Because rich text editing is a core part of many modern web applications, we knew the Block Protocol had to support it.
We had to decide how blocks made by different people could provide a consistent text editing experience within an application, while allowing for variations in the experience across applications – without the block knowing anything about the application it’s being used in.
There are two parties to the Block Protocol – the block, and the application using it.
To display some formatted text on a web page, one of these parties has to take a representation of the text and render it.
We can’t expect blocks to take any old text and understand it. The same words with the same formatting in different applications can look identical on the screen, but vary wildly in how they look behind the scenes. Text might be stored as Markdown, HTML, or any of a number of other approaches to storing a series of characters with formatting.
If we wanted the block to handle rendering, the Block Protocol would need to specify a standard representation of formatted text, that blocks could predictably parse.
Text would have to be transformed from however the application stores it into that standard interface format and then transformed back again when the block requests updates to it.
This is absolutely possible – it’s a burden on the embedding application, but we already require that applications translate their records into a specified graph representation of entities and links. For text, we could choose a popular format – some flavour of Markdown would be a good candidate – and provide utilities to handle the conversion to and from other common formats.
But this would only get us so far – there would still be application-specific content, such as @mentions
of people, and hotkeys, that might require special handling.
We could provide an escape hatch for applications to render special elements within a series of rich text nodes – but how does that data get created in the first place?
Text editing in modern applications isn’t just about formatting characters and inserting links to URLs – there is often the the ability to search data within the system via special keystrokes and insert references to non-page entities.
Those references might not be static text (showing the entity’s name) or hyperlinks (to the entity’s page), but instead identifiers which are dynamically resolved by the application at runtime, to be able to display the latest name for the entity in question. Clicking on them might do something other than take the user to a page.

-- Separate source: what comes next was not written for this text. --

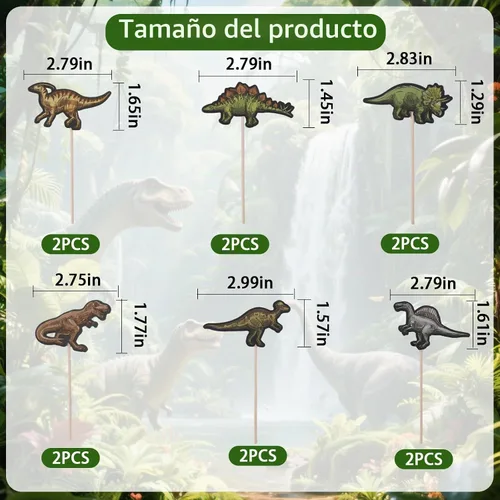 Vista 3 de BEISHIDA Soporte para cupcakes de dinosaurio de 3 niveles, decoración de fiesta, temática de dinosaurio, soporte para cupcakes, 12 piezas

This all involves more application-specific logic. In order to handle it under the Block Protocol, we could allow applications to inject inputs and content in response to special keys (e.g. when the user types /
or @
).
But now we have a potentially awkward mix of the block and application manipulating the same DOM element or data while the user types, and we have a lot of specification to do to get there – what else do we need to think about in order to build a foundation suitable for general use?
Each block is only a part of the application the user is interacting with. There are most likely other blocks on a page, and other UI elements beyond them.

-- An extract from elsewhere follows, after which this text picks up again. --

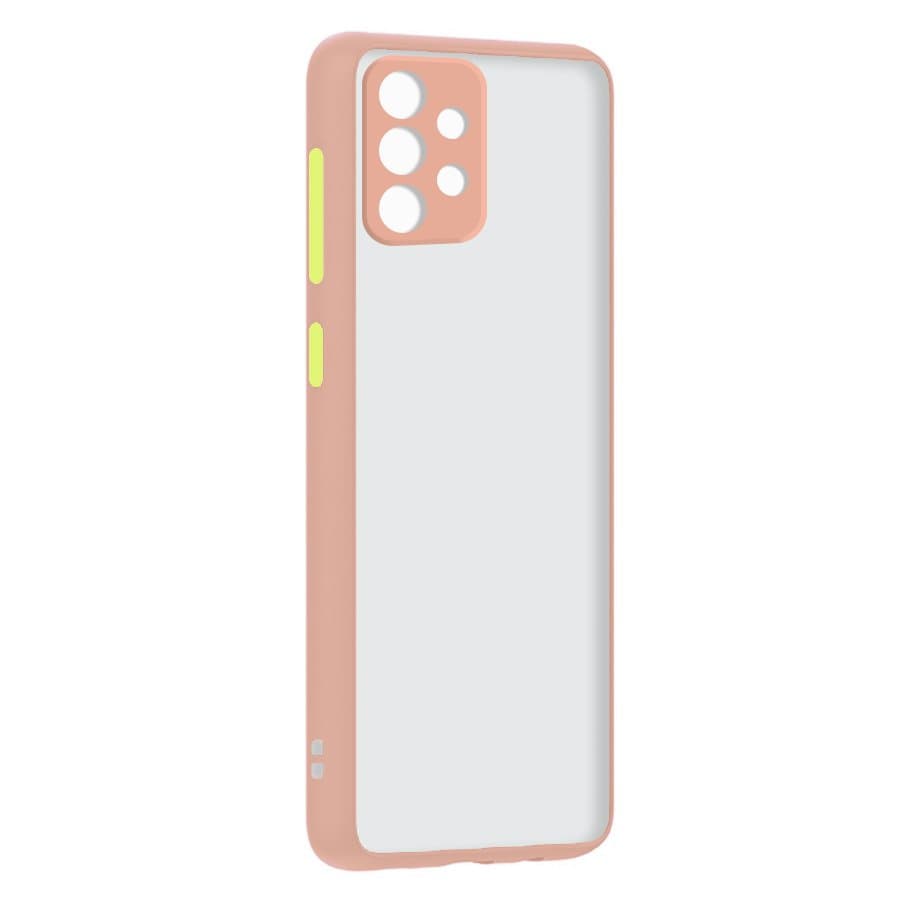 Husa spate pentru Samsung Galaxy A52 - Button Case Roz / Galben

Even if we specified a standard text format and ways of applications injecting special content handlers, leaving the rest of the editing experience up to individual blocks means that it’s likely to vary within a page.

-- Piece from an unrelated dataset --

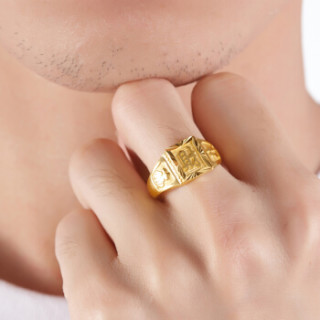 商品零兑金号 黄金戒指男款 招财进宝男士财字男戒活口可调节 约10.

The hotkeys that toggle different formatting options. The features on the formatting bar, what it looks like, its position – even whether it is visible by default or not. How cursors are managed inside and across blocks.
If each block determines this on its own, a user is going to be faced with potentially wildly different experiences editing text on the same page.
This is already something we think about in the Block Protocol – we want applications to be able to share styling data with blocks to maximize visual consistency across blocks – but text editing involves so many complex features, with so much scope for variation, that ensuring it is consistent across blocks seems to involve one of:
To avoid blowing up the scope and complexity of the Block Protocol, and to avoid attempting standardization in an area that could potentially hinder embedding applications’ ability to provide systems which work for them, we are opting for (2).
The hook module introduces the concept of “hooks”.
You can read the formal specification for the hook module here, but in summary:
Under the hook module, a block can invite embedding application to take over the rendering of an element within the block (the hook), allowing embedding applications to provide users with application-specific views of data of a specified type.
Using the module, blocks can send a message specifying: a DOM element, the type of data it is intended to hold, and which entity property the data should be retrieved from and stored in. The application then renders the data according to its preference, including any editing controls.
This allows applications to control the display and editing experience for specialized data, while blocks retain control over where exactly in their interface a given property is displayed or edited.
This isn’t just intended for rich text, although text was the motivating factor — the hook module also allows applications to provide their own display, editing, and sharing controls for images, for example.
We aren’t prescribing a fixed list of types — we want to see which are supported by applications and requested by blocks, and ones that we can’t imagine ourselves.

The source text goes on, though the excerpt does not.